### LISTED RECORDS
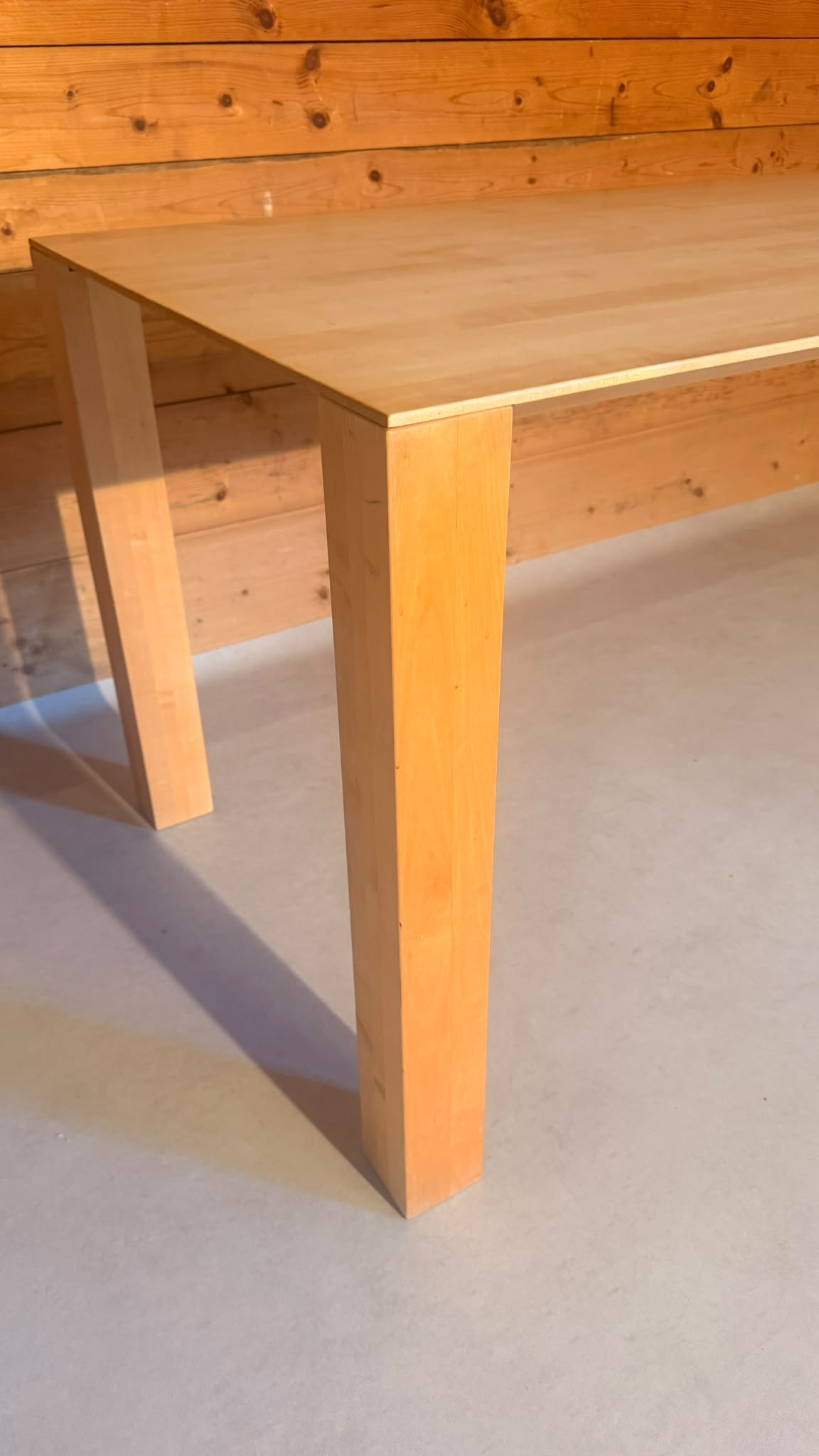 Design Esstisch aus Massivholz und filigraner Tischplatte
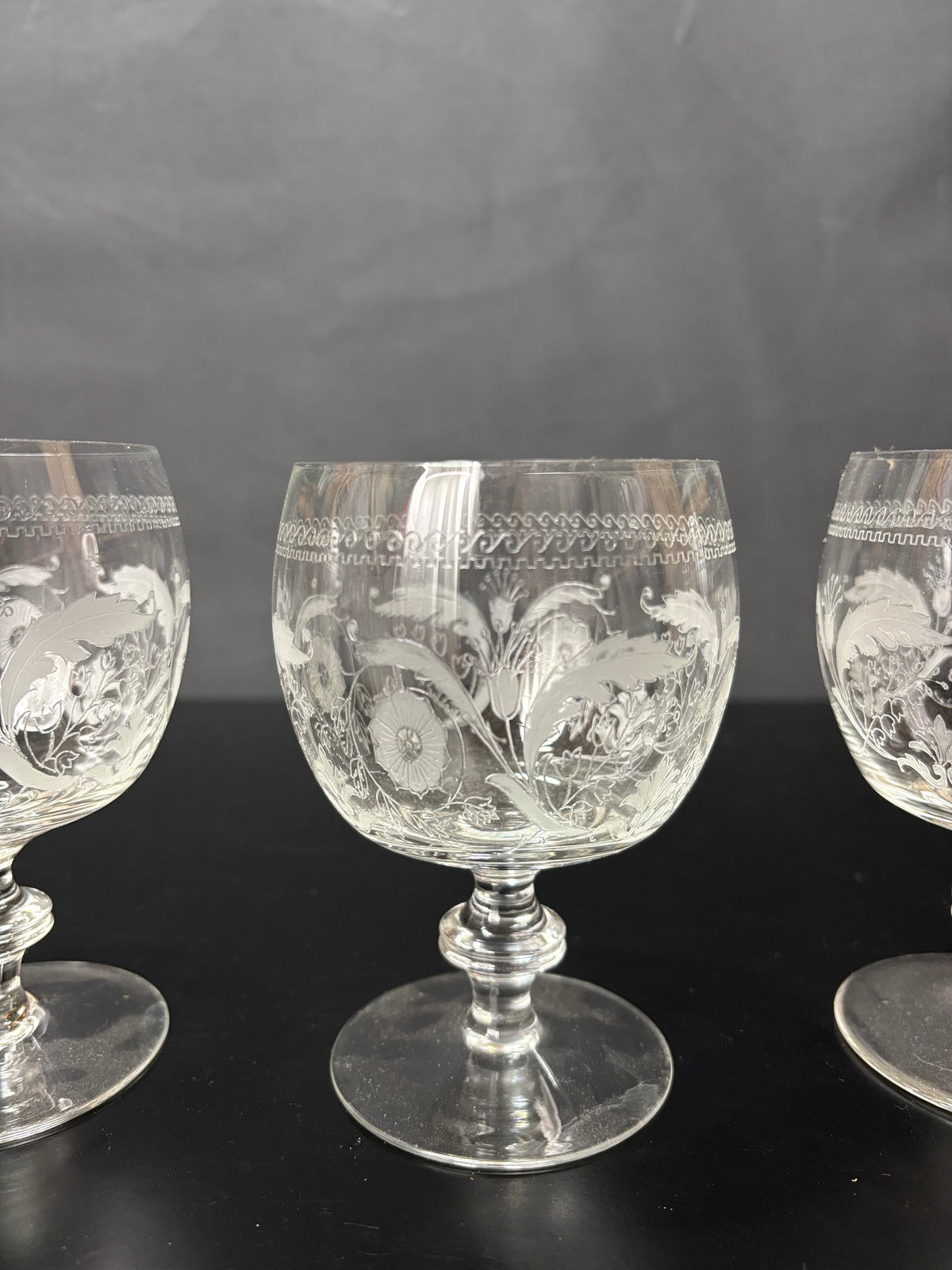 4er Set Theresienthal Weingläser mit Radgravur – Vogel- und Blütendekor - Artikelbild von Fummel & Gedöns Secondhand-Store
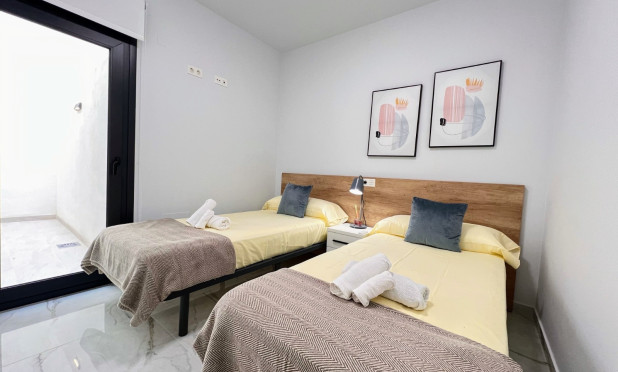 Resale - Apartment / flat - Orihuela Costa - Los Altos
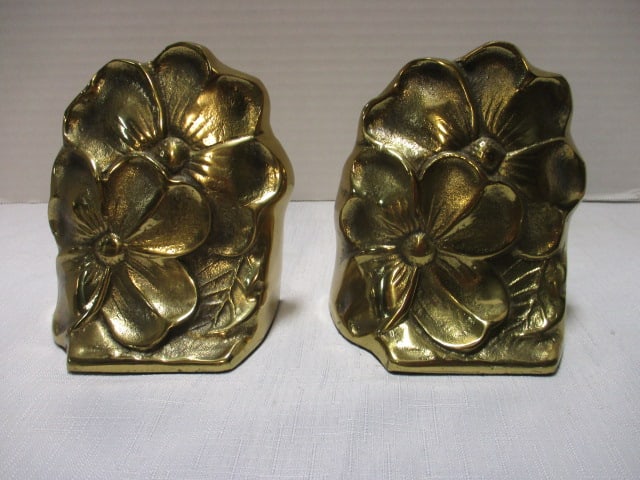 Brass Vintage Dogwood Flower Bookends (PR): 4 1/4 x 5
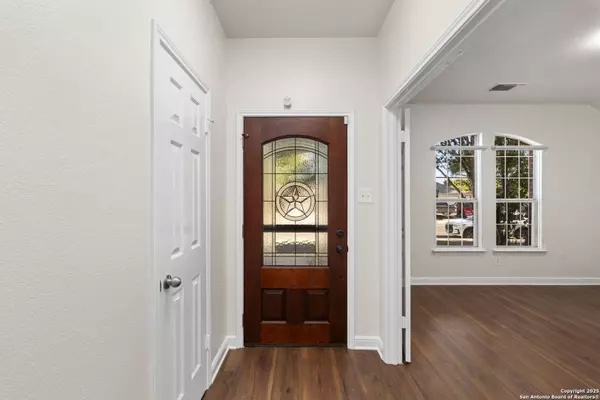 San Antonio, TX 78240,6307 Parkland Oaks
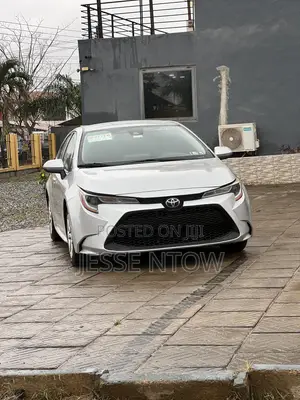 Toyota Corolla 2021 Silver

### WHAT YOU NEED TO DO
Every line of the data above should be quoted exactly. Omit the pictures.

### RESPONSE
 Design Esstisch aus Massivholz und filigraner Tischplatte
 4er Set Theresienthal Weingläser mit Radgravur – Vogel- und Blütendekor - Artikelbild von Fummel & Gedöns Secondhand-Store
 Resale - Apartment / flat - Orihuela Costa - Los Altos
 Brass Vintage Dogwood Flower Bookends (PR): 4 1/4 x 5
 San Antonio, TX 78240,6307 Parkland Oaks
 Toyota Corolla 2021 Silver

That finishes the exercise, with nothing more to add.